The colonization by micro-organisms of most surfaces of the human body, including the gut, provides us with a number of beneficial functions that we do not possess innately. For example, the symbiotic relationship that humans have with gut microflora endows the host with a number of qualities, not least the capacity to digest components of plants, host defense, and the development of tolerance to a number of pathogens [40]. Whereas a symbiotic relationship has been demonstrated for a number of host–microbial interactions in the lower gastrointestinal tract, the oral microflora remains virtually unexplored in this aspect. In fact, the general view is of an overall detrimental role for this microflora [1–3]. In contrast, our results presented herein support the notion that oral nitrate-reducing bacteria are beneficial to the host and participate in the control of cardiovascular NO homeostasis to modulate BP.

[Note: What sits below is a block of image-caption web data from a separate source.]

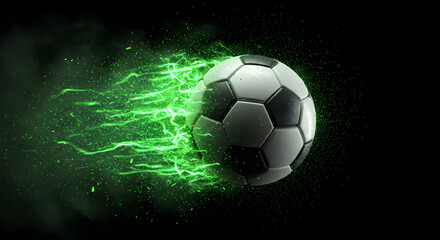 Naklejka premium Soccer ball engulfed in vibrant green energy and smoke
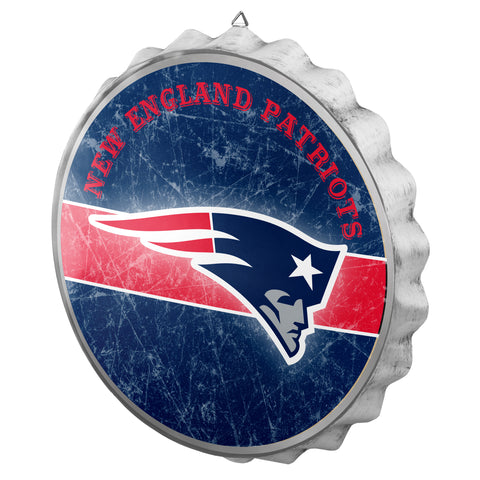 New England Patriots Sign Bottle Cap Style Distressed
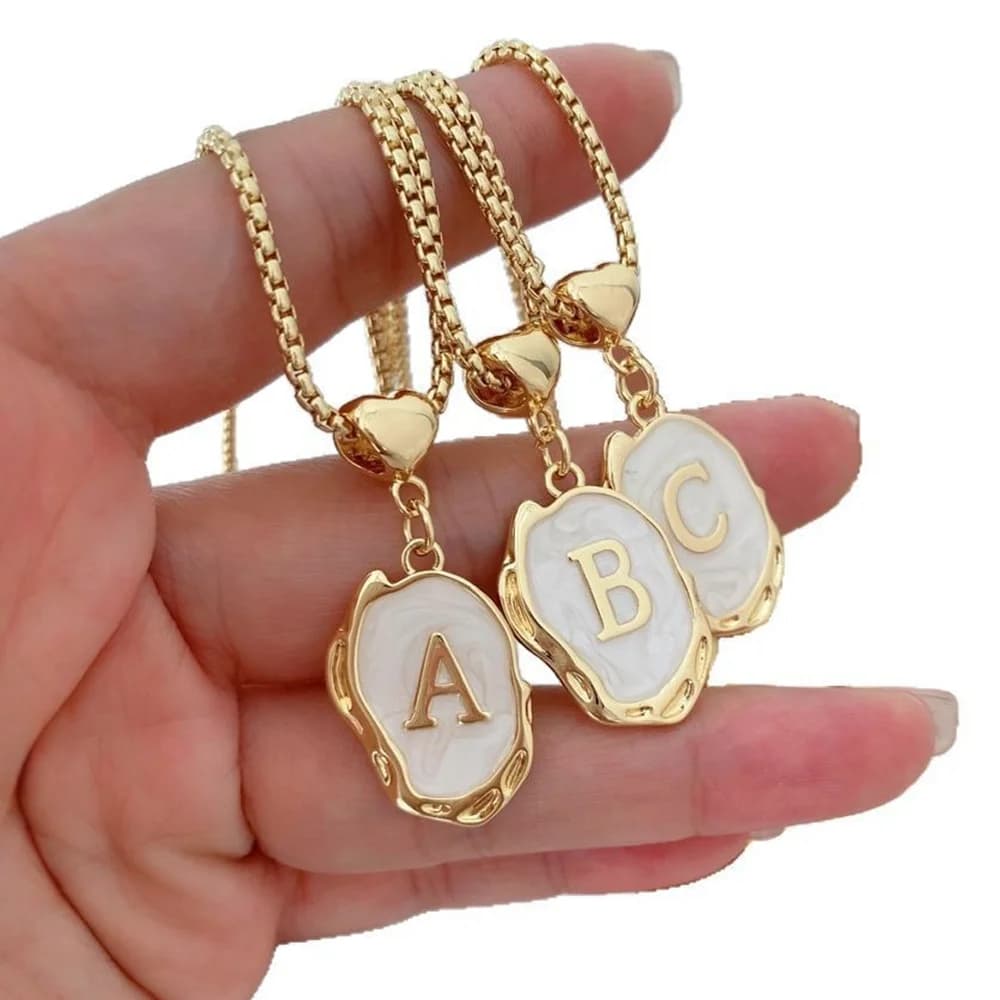 Collier pendentif lettre A à Z 26 pour femmes, ras du cou avec lettres à la mode, cadeau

We have shown that twice-daily use of an antiseptic mouthwash for 1 week nearly abolished oral conversion of nitrate to nitrite. More importantly, this was accompanied by a decrease in plasma nitrite concentration (∼25%) and a concomitant increase in BP. Furthermore, as evidenced by the home BP measurements, the persistence of the effect of mouthwash on BP after the first day of instigation suggests that there is no immediate tachyphylaxis, at least over a 1-week period, in response to the mouthwash. Our data demonstrating a robust correlation between changes in plasma nitrite levels and changes in BP support our contention that prevention of the conversion of nitrate to nitrite by antiseptic mouthwash underlies the increases in BP. This thesis is further supported by evidence of the trends toward significant associations between changes in salivary nitrite concentration and change in SBP, although a prospective study designed to directly test this relationship is warranted. It is unlikely that these effects relate to other mechanisms, such as increased stress due to instillation of mouthwash, because the effects on systolic BP were present on every occasion throughout the 7-day home BP measurement protocol and also evident in the nighttime SBP.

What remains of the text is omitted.